入って最初に気づいたこと、それは織機の織る音が早い!ということ。前回の講座で伺った古橋織布さんでは、低速のシャトル織機を使われていましたが、高田織布さんでは高速のレピア を使われています。シャトル織機の音は「がしゃんがしゃん」と鼓動の早さで、それに対してレピア織機は「シャッシャッ」 とシャトル織機の音の1.5倍速ほどの早さです。
レピア織機は量産のためにシャトルを無くし高速で織れるようになっています。

シャトル織機は、織る際のシャトルが左右する動きをみることができましたが、
レピア織機はどう織っているのか、速すぎて全く動きが見れません。
高田さんのご厚意で、レピア織機の織る過程を、織機を止めながら、コマ送りで見せていただくことができました。
よこ糸が織機の真ん中で受け渡されるのがわかると「健気…!」という声があがりました。(たしかに…!)

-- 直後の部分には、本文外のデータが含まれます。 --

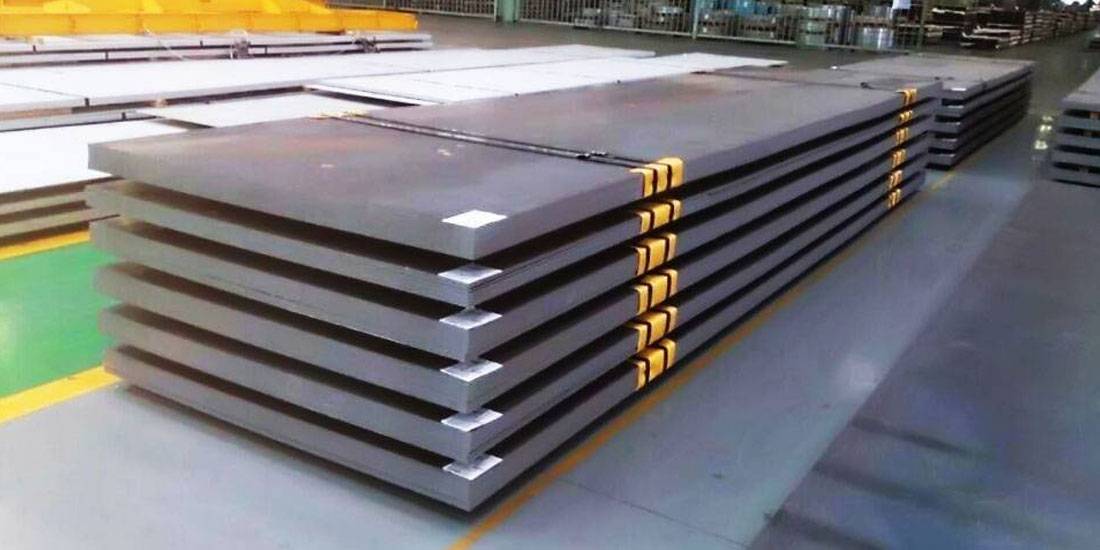 ASTM A572 Gr.50 Steel Plates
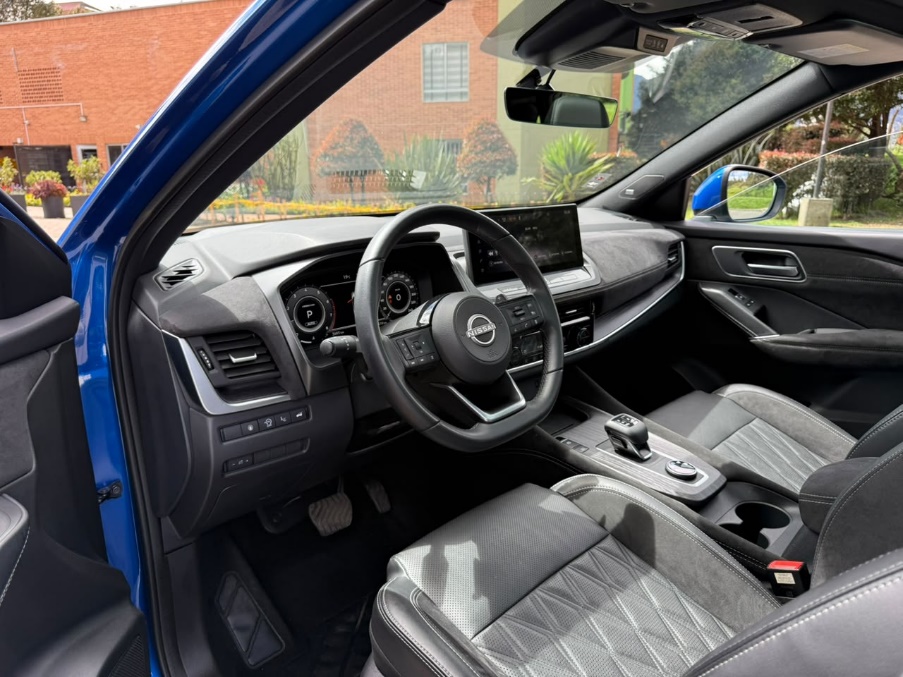 Nissan Qashqai 2027: El arte de evolucionar para abrazar el camino sin perder el alma — foto 3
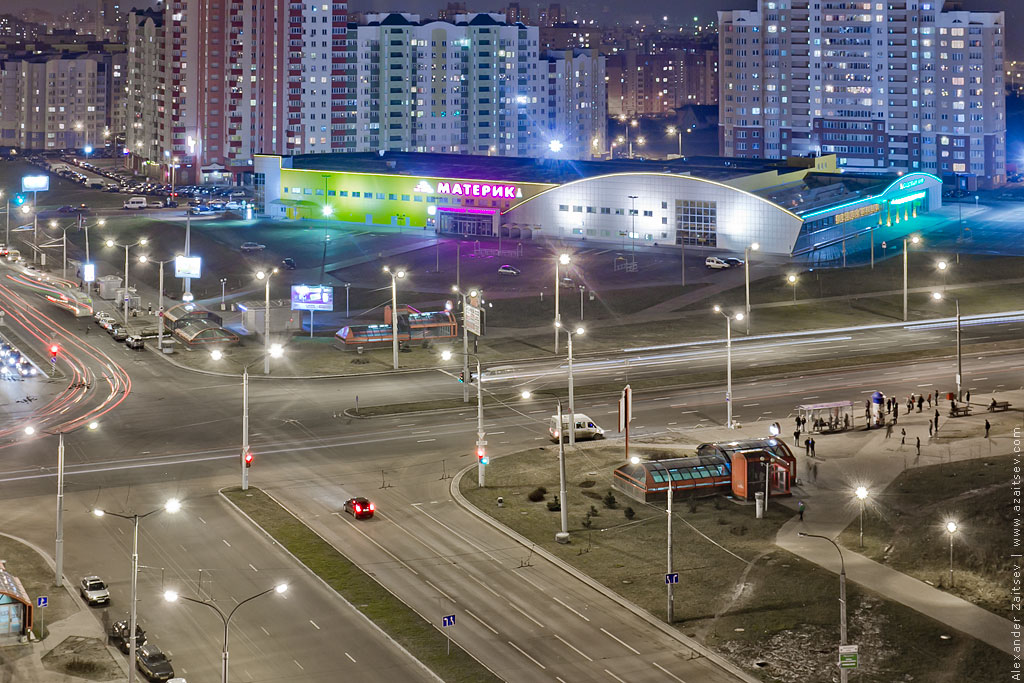 Каменная горка ул притыцкого 99 минск фото Фотофакты. Взгляд руфера на Каменную Горку и окрестности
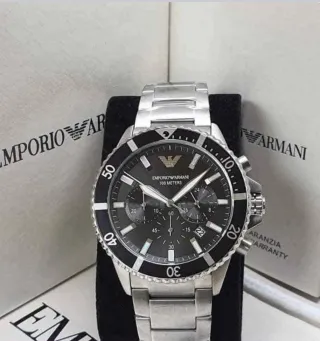 Orologio Emporio Armani Uomo Cronografo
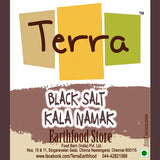Terra-Black Salt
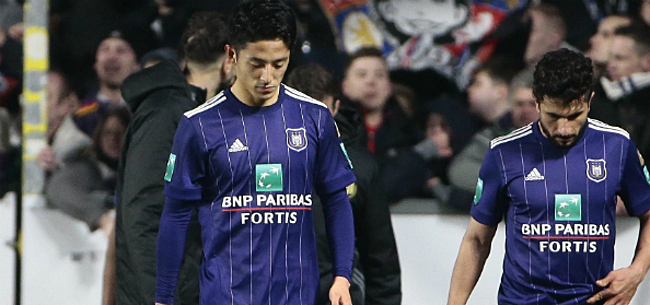 'Vijf spelers lijken Anderlecht te moeten verlaten'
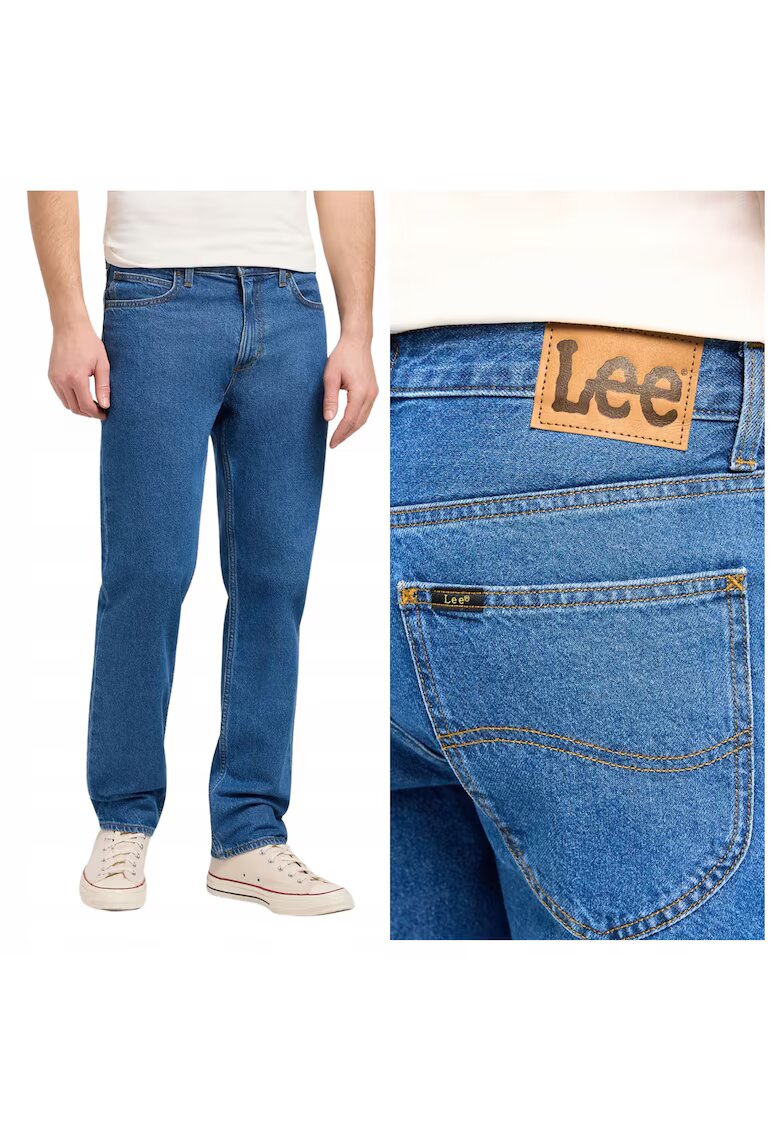 Lee Дънки West -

工場ではテンプルを始め、アキュムレーター(たて糸のテンションを安定させるための機械)、紋紙をつくるパンチング、レピア織機の特徴であるカッターなども見ることができました。
「織る」だけでもいくつもの工程と部品があり、さらにその背景には人がいます。全ての方にお会いすることは難しいけれど、いつか講義を聴けたらなと思います。

レピア織機の特徴のひとつに、「生機のミミが切れる」という事があります。そのミミに興味を持たれた受講者さんは高田さんにお願いして少しおすそ分けをして頂くことに。
帰り道ではクッションの中芯にしようか、洋服の装飾にしようか、イメージがどんどん湧いてきました!

次は武藤染工さんにおじゃまします。いよいよプリントの工程を学んでいきます。